Rezensent Uwe Justus Wenzel entdeckt im Buch der Reporterin Carolin Emcke mehr als eine Selbstermunterung der Zivilgesellschaft zur richtigen Zeit, nämlich erste Umrisse einer sozialphilosophischen Theorie der Demokratie. Wie Emcke den Terror des IS, den institutionellen Rassissmus in den USA, vor allem aber die Jagdszenen in Sachsen und anderswo in Deutschland in den Blick nimmt und als Gegengift eine Art elementare Nächstenliebe vorschlägt, die genau hinsieht, differenziert und immer wieder zweifelt, scheint Wenzel nicht immer neu, aber doch wiederholenswert. Auch wenn die Autorin keine Antwort auf die Frage gibt, wie Menschen zu erreichen sind, die eben nicht unterscheiden, sondern gegen Kollektive pöbeln - das Loblied auf den Pluralismus im Buch und Emckes mitunter persönliche Worte machen die Lektüre für Wenzel empfehlenswert.

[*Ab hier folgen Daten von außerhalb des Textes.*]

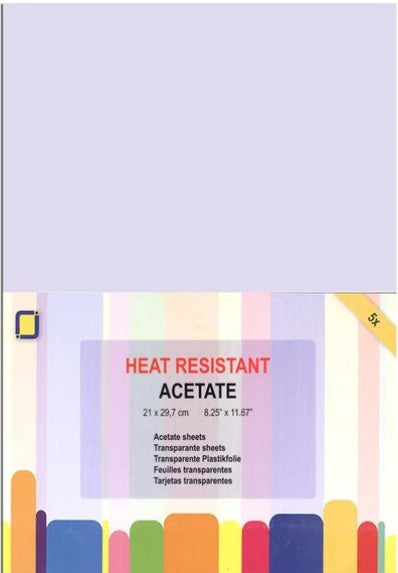 JeJe Produkt - Heat Resistant Acetate Sheets A4 - 10 sheet. Acetate sheets For making transparent greeting cards or for covering documents. They are also suitable for making shaker cards and for painting them with glass paint or permanent markers. Acetate sheets have a thickness of 250 microns. Includes 10 A4 sheets. Size: 11.7 x 8.3 inches. Available in Bowmanville Ontario Canada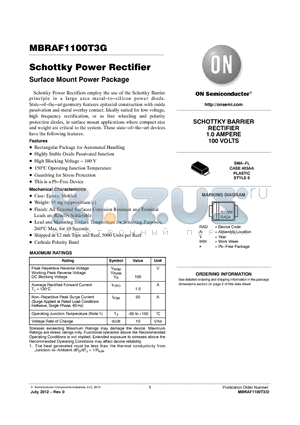 MBRAF1100T3G datasheet - Schottky Power Rectifier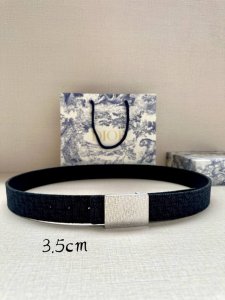 dior 这款 35 毫米双面腰带结合典雅气质与摩登风范。双面设计，一面采用Oblique 印花帆布，另一面则采用同色调粒面牛皮。长度可调节，可搭配各式 35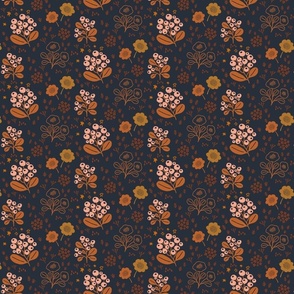 [small] Warm Autumn Flowers & Berries on Navy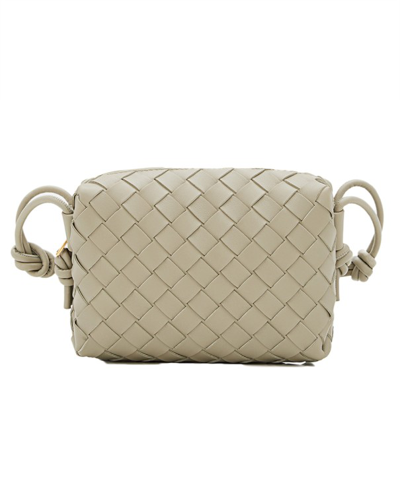 Bottega Veneta Mini Loop Leather Crossbody Bag In Neutrals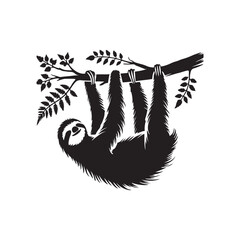 Sloth hanging from a branch silhouette vector art  black color design and solid white background  © Mizanur Rahman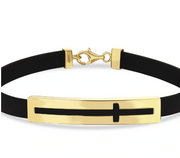 Мъжка златна гривна, плочка с изрязан кръст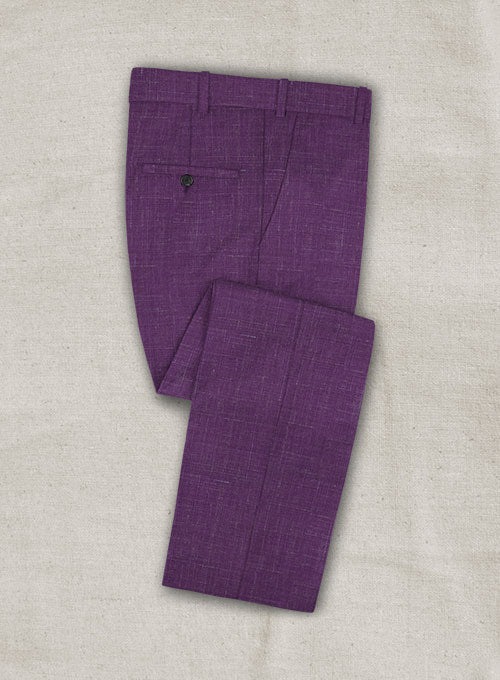 Italian Murano Eggplant Wool Linen Pants
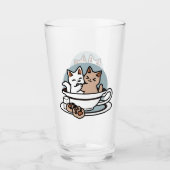 Verre Tea Time Meow Time - Cute Cat and Tea Design (Devant)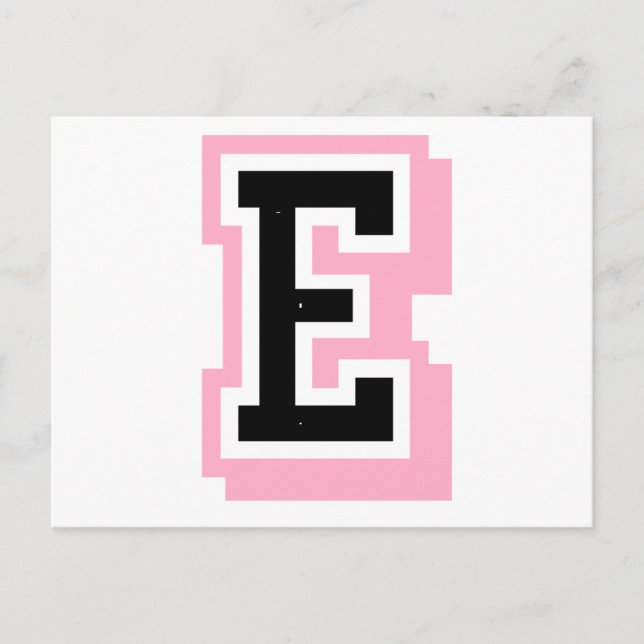 Carte Postale lettre rose noire E (Devant)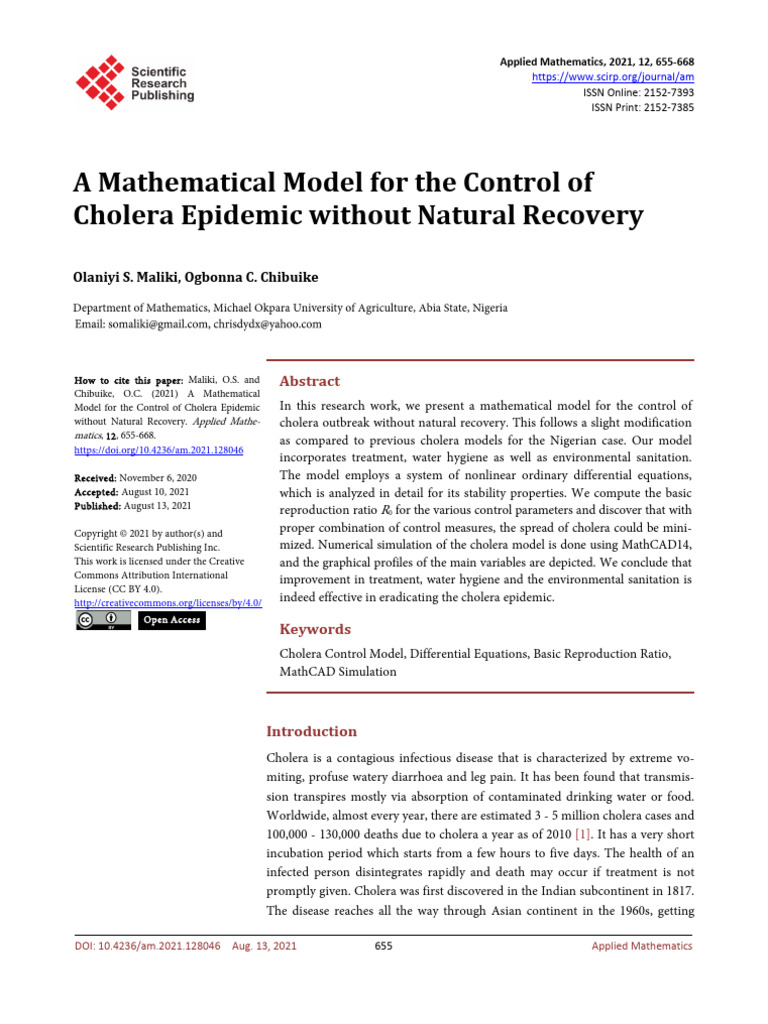 A Mathematical Model For The Control of | PDF | Cholera | Public Health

Rezensionsnotiz zu Die Zeit, 20.10.2016

Mit gemischten Gefühlen hat Rezensent Adam Soboczynski Carolin Emckes Plädoyer "Gegen den Hass" gelesen. Der Kritiker kann sich kaum vorstellen, dass linksliberale, intellektuelle Leser irgendetwas an den hier leidenschaftlich vertretenen ethischen Werten und Normen auszusetzen haben könnten. Allerdings muss er auch gestehen, dass ihm Emckes Dekonstruktionen von Vorstellungen von Homogenität, Natürlichkeit oder Reinheit wie Referate aus Proseminaren der achtziger und neunziger Jahre erscheinen. Vor allem aber bemängelt der Rezensent, dass an keiner Stelle konkrete politische oder gesellschaftliche Lösungsansätze benannt und überhaupt harte Fakten und die soziale Frage gänzlich ausgespart werden. Emckes Schilderungen der Krawalle im sächsischen Clausnitz oder ihre Darstellung eines rassistischen Polizeieinsatzes auf Staten Island in New York findet der Kritiker jedoch ebenso brillant wie "berührend".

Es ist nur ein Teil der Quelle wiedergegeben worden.